Findos esses tempos totalmente atípicos, os confinamentos acabaram e as pessoas retomaram muitos dos hábitos de consumo e mobilidade, o que contribuiu para a normalização do rácio.
Problema: no final de 2021, começou-se a desenhar no horizonte uma nova e grave crise. Foi o regresso da inflação que, poucos meses depois, com o início da guerra da Rússia contra a Ucrânia, se transformou numa violenta crise inflacionista, energética, afetando seriamente áreas vitais da economia, como a alimentação, cujo custo disparou, colocando muitas famílias, sobretudo as mais pobres, no fio da navalha (como escreveu o Dinheiro Vivo, este último sábado).
Os números oficiais do INE dizem que o peso da poupança familiar já está nos 3,9% (segundo trimestre de 2022) e pelas contas do Banco de Portugal deverá cair ainda mais no terceiro e no último trimestre deste ano. Em 2023, a média anual do rácio de poupança deverá ficar colada a esse mínimo de 3,9%.
Recorde-se que em cima da inflação, os portugueses estão a enfrentar o embate violento da subida rápida e compassada das taxas de juro, sobretudo os mais endividados.
No novo estudo, o BdP explica que o consumo das famílias já está a corroer as poupanças e que esse efeito vai causar impacto algures em 2023, quando muitos lares se depararem com o mealheiro quase vazio. Isso empurrará a economia portuguesa, altamente dependente do consumo interno, para um crescimento novamente frágil.
O banco central diz que “em 2023, o aumento muito reduzido do consumo privado está associado à menor almofada financeira das famílias, ao aumento do serviço da dívida [juros] e à baixa confiança dos consumidores”.

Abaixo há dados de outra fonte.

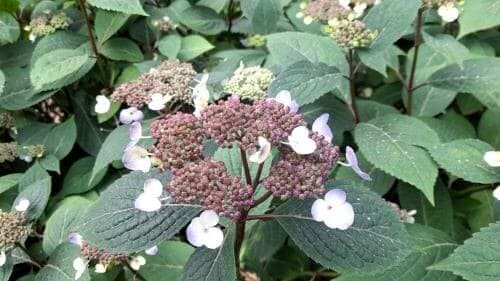 산수국-종류-생태적-특성-참꽃-헛꽃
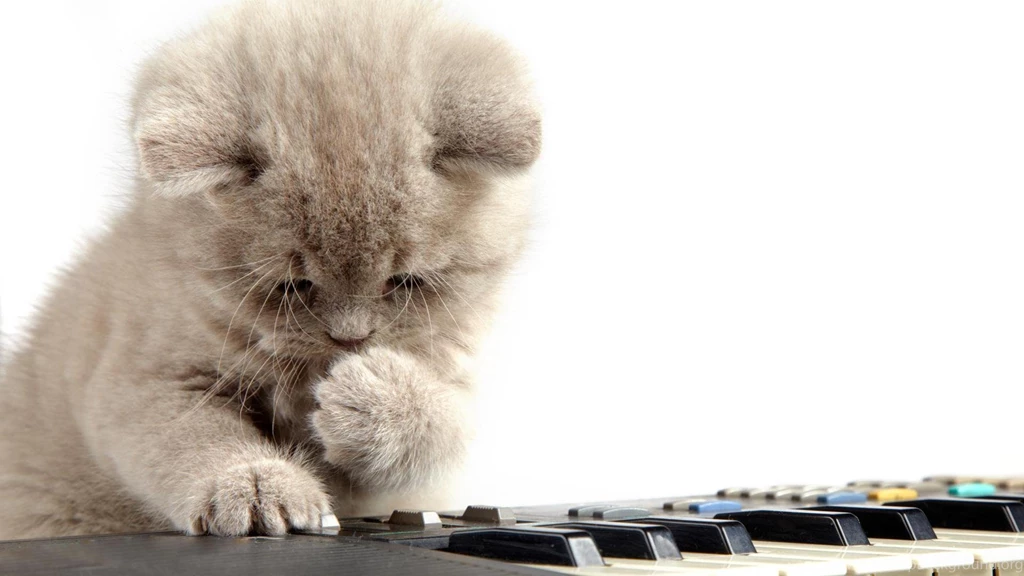 Piano Desktop Wallpapers Wallpaper, High Definition, High ...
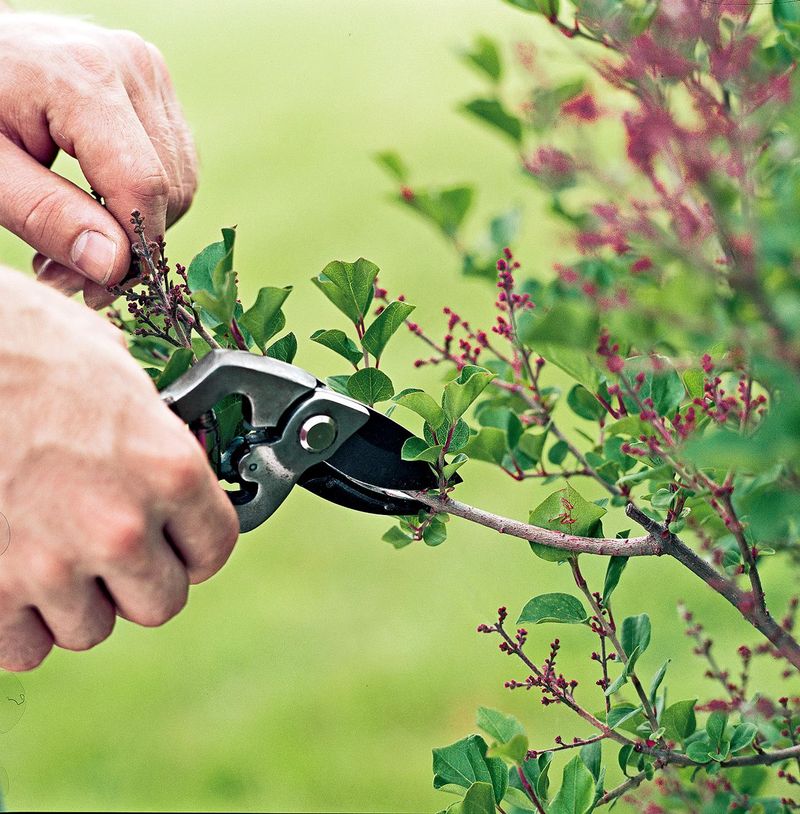 Neglecting Pruning Needs
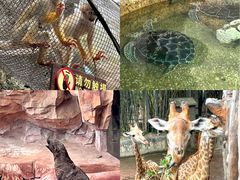 -长鹿旅游休博园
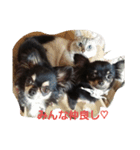 dogs＆cat.lovely（個別スタンプ：2）
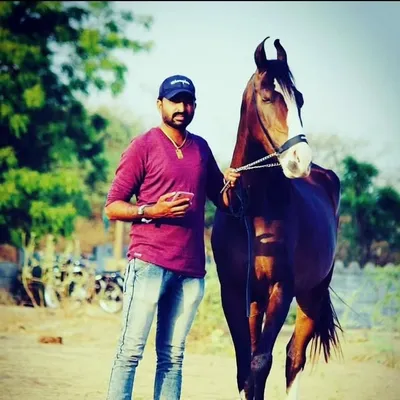 Devabhai Bharvad profile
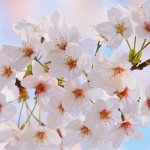 大阪造幣局の桜の通り抜け！2016開花予想と見どころは？
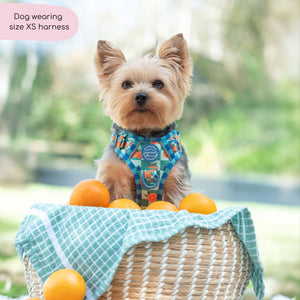 Tough Trails™ Harness -  Fruit Punch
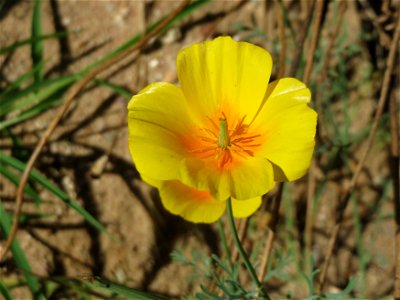 Verwilderter Kalifornischer Mohn (Eschscholzia californica) bei Reilingen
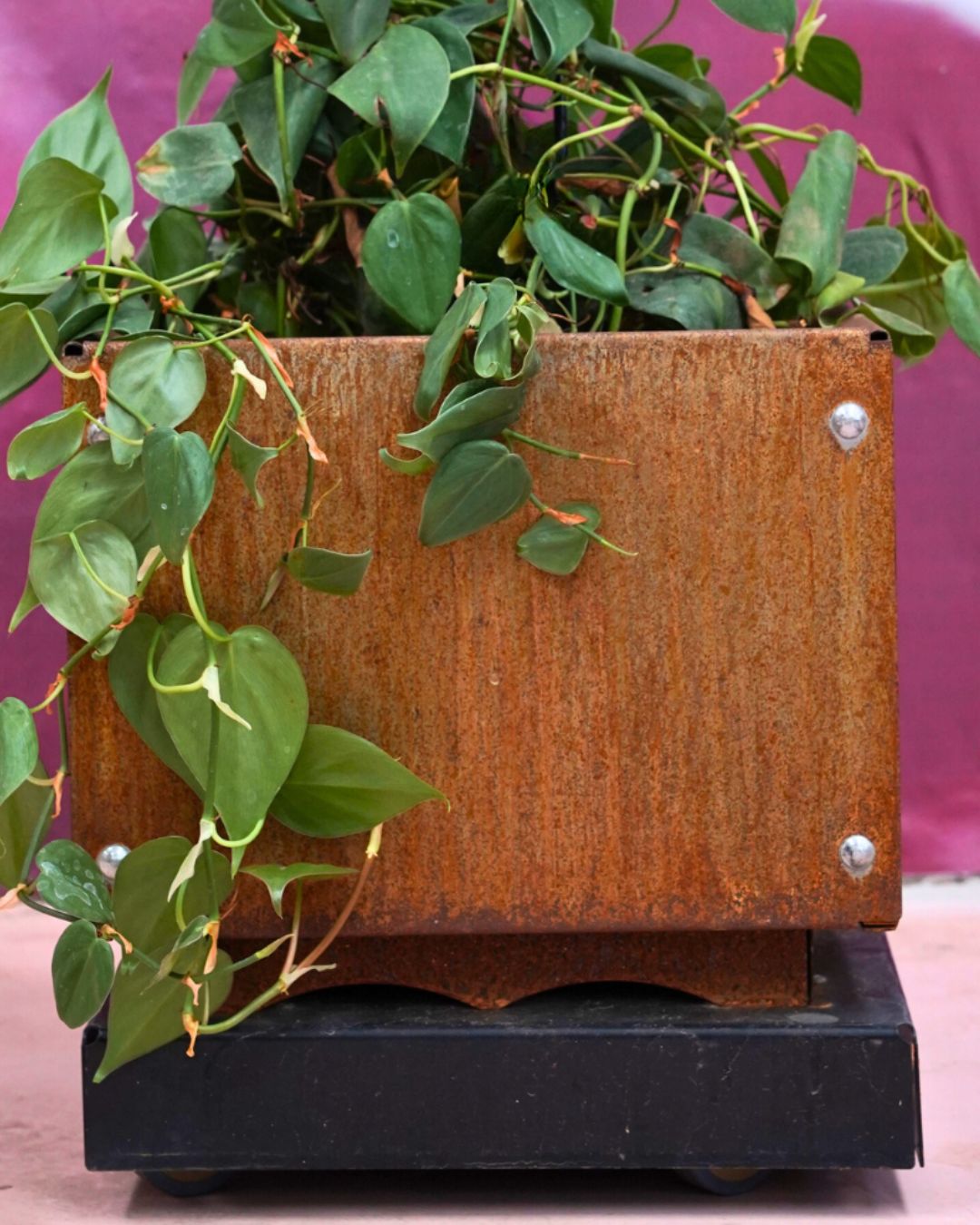 Rolling Plant Stand with Wheels for Squared Pots - Black Finish - 12" or 16"
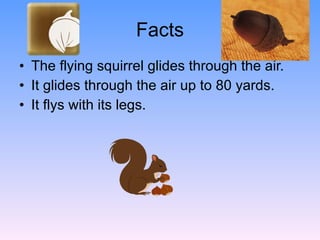 Facts The flying squirrel glides through the air. It glides through the air up to 80 yards. It flys with its legs. 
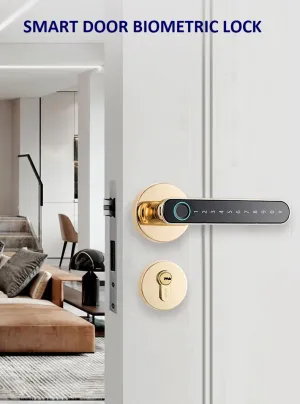 iSM06 Biometric Smart Lock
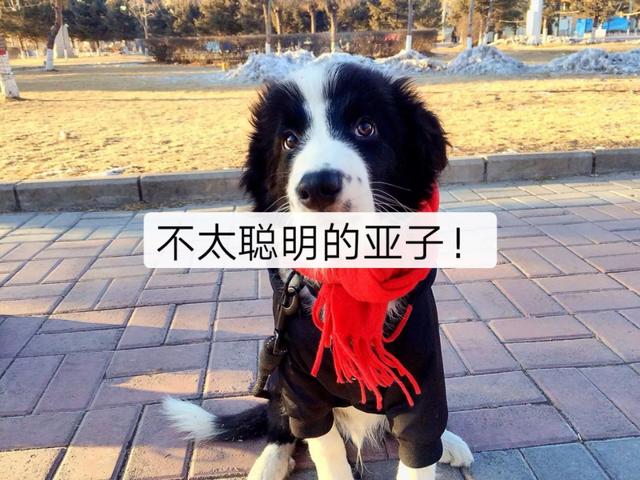 中国田园守望犬:做不了军警犬的犬种有哪些？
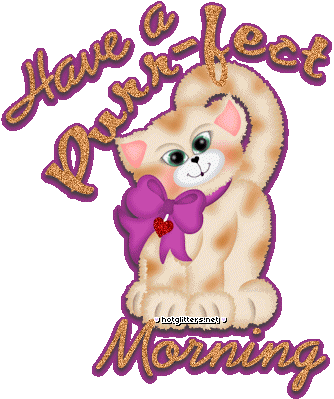 Purrfect Morning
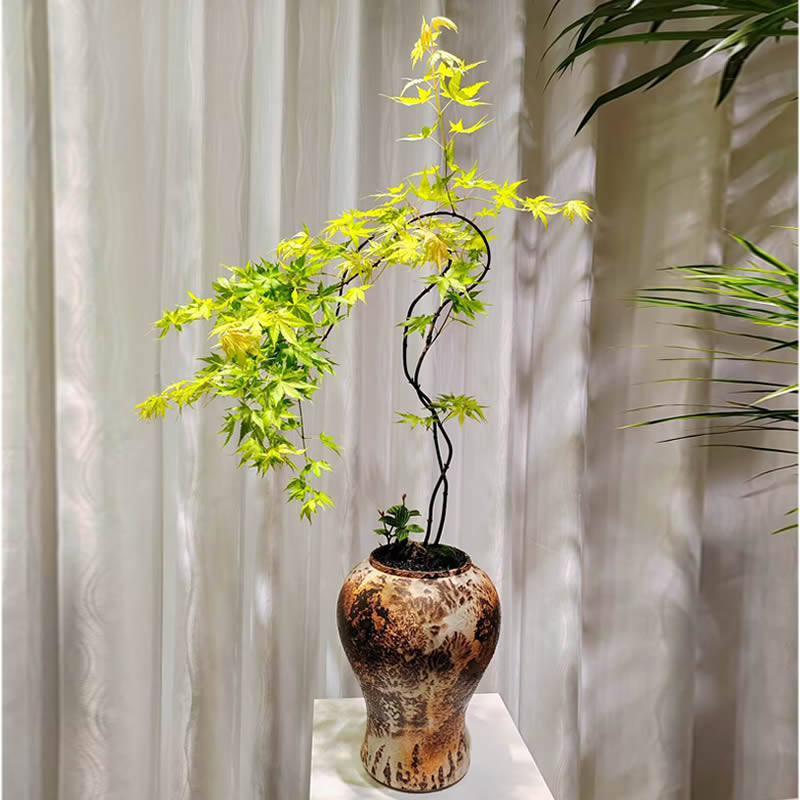 武汉同城绿植盆景枫树盆栽禅意盆景流泉枫室内阳台植物花卉盆栽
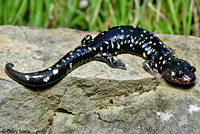 Speckled Black Salamander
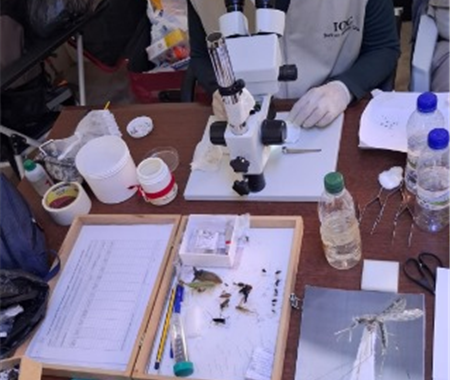 Formação especializada em Entomologia Médica Básica  (4 of 12)
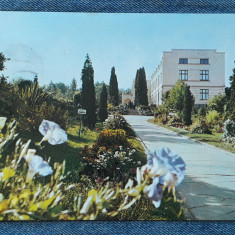 233 Cluj-Napoca Gradina Botanica /carte postala circulata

Ainda assim, Centeno espera que os portugueses possam recorrer ao que resta no fundo do cofre: “a redução adicional da taxa de poupança contribui para conter a desaceleração do consumo privado” no ano que vem.
O BdP refere que “o rendimento disponível nominal desacelera em 2023 – refletindo a estabilização do emprego e o desaparecimento das medidas temporárias de apoio, a par do aumento do serviço da dívida – e o seu poder de compra volta a estagnar dada a inflação ainda elevada”.
E que “o impacto do aumento das taxas de juro e da inflação sobre a situação financeira das famílias deverá ser mais marcado para os agregados endividados de menor rendimento”, acrescenta.
Sobre os juros, Mário Centeno assinalou, na conferência de imprensa de apresentação do boletim económico, que os portugueses vão ter de pagar bem aos bancos a subida fortíssima das taxas de juro no crédito concedido. Muitos analistas já avisaram que esta pressão deve resultar num aumento das prestações bancárias mensais em várias centenas de euros nos próximos meses.
Já os juros a receber nos depósitos vão continuar baixos e vagarosos nas subidas, observou o governador.
“Em 2023, os efeitos do aumento das taxas de juro sobre o serviço da dívida são maiores, refletindo as subidas observadas ao longo de 2022 e esperadas em 2023, mas a subida das taxas dos depósitos é muito inferior à dos empréstimos, pelo que o seu impacto nos juros recebidos é modesto e inferior, em média, ao do serviço de dívida em todos os quintis de rendimento das famílias”, constatou.